**Given information**

◇ ◇ ◇

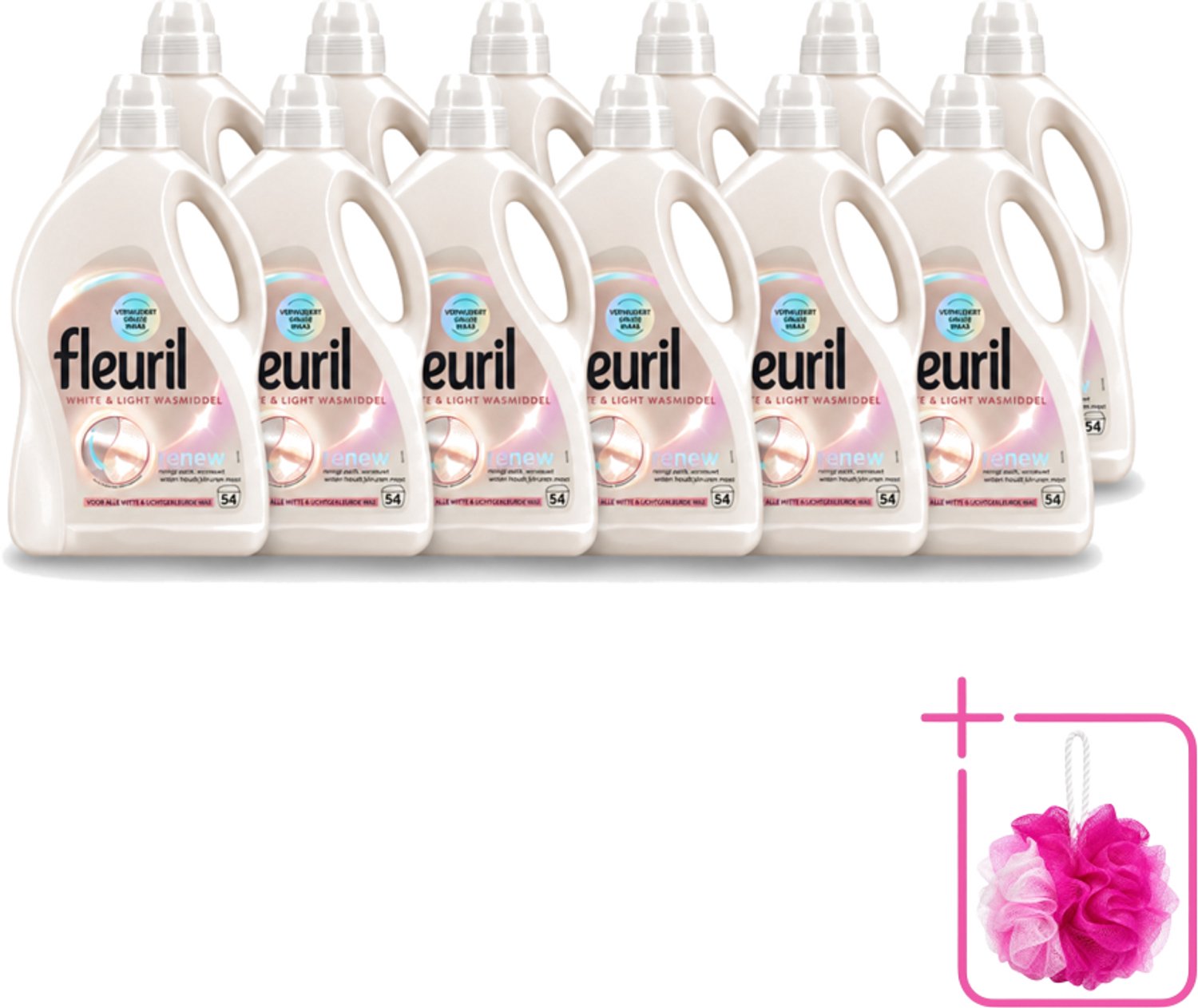 12 x Fleuril - Wasmiddel - White & Light Vloeibaar Wasmiddel - Witte & Lichte Was - 54 wasbeurten - Bulkverpakking - Wit wasmiddel - Douchemop - Licht wasmiddel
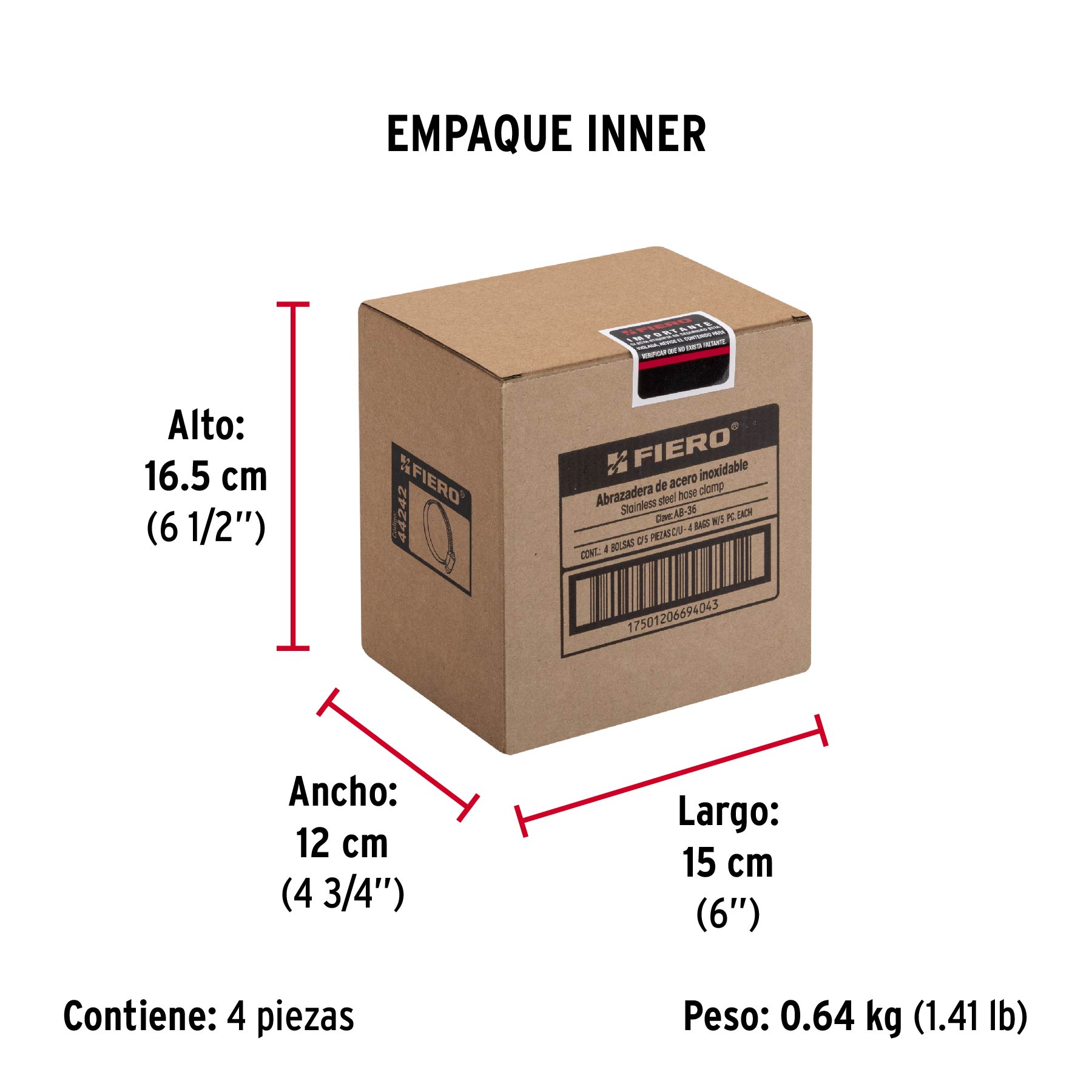 Bolsa con 5 abrazaderas sin fin #36, 1-13/16 - 2-3/4", FIERO - Empaque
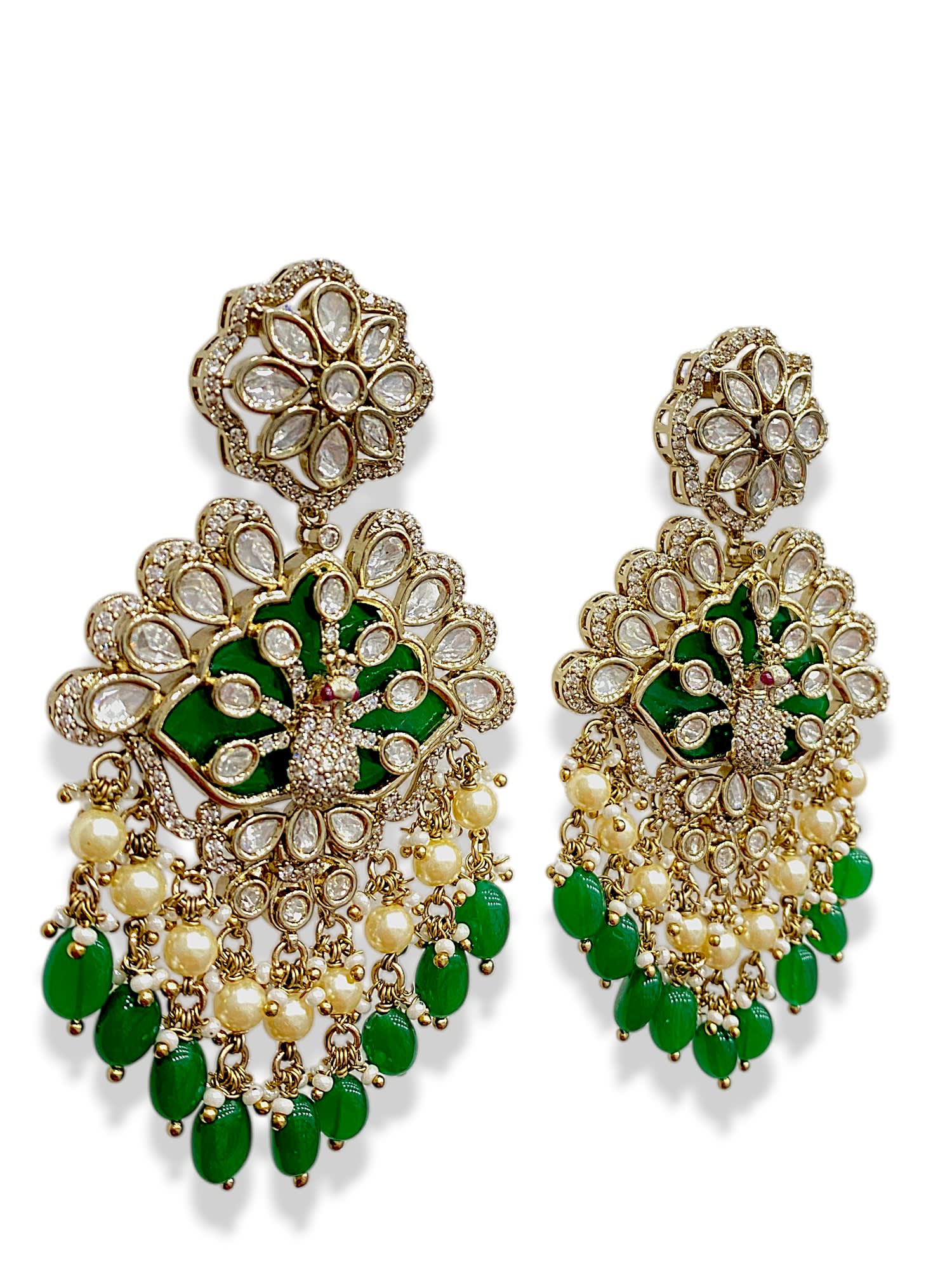 Festive Antique Gold Chandelier Earrings — handcrafted earrings by Sirini Jewellery - back view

◇ ◇ ◇

**Action item**
Give back the full listing exactly as written, only without its pictures.

**Answer box**
 12 x Fleuril - Wasmiddel - White & Light Vloeibaar Wasmiddel - Witte & Lichte Was - 54 wasbeurten - Bulkverpakking - Wit wasmiddel - Douchemop - Licht wasmiddel
 Bolsa con 5 abrazaderas sin fin #36, 1-13/16 - 2-3/4", FIERO - Empaque
 Festive Antique Gold Chandelier Earrings — handcrafted earrings by Sirini Jewellery - back view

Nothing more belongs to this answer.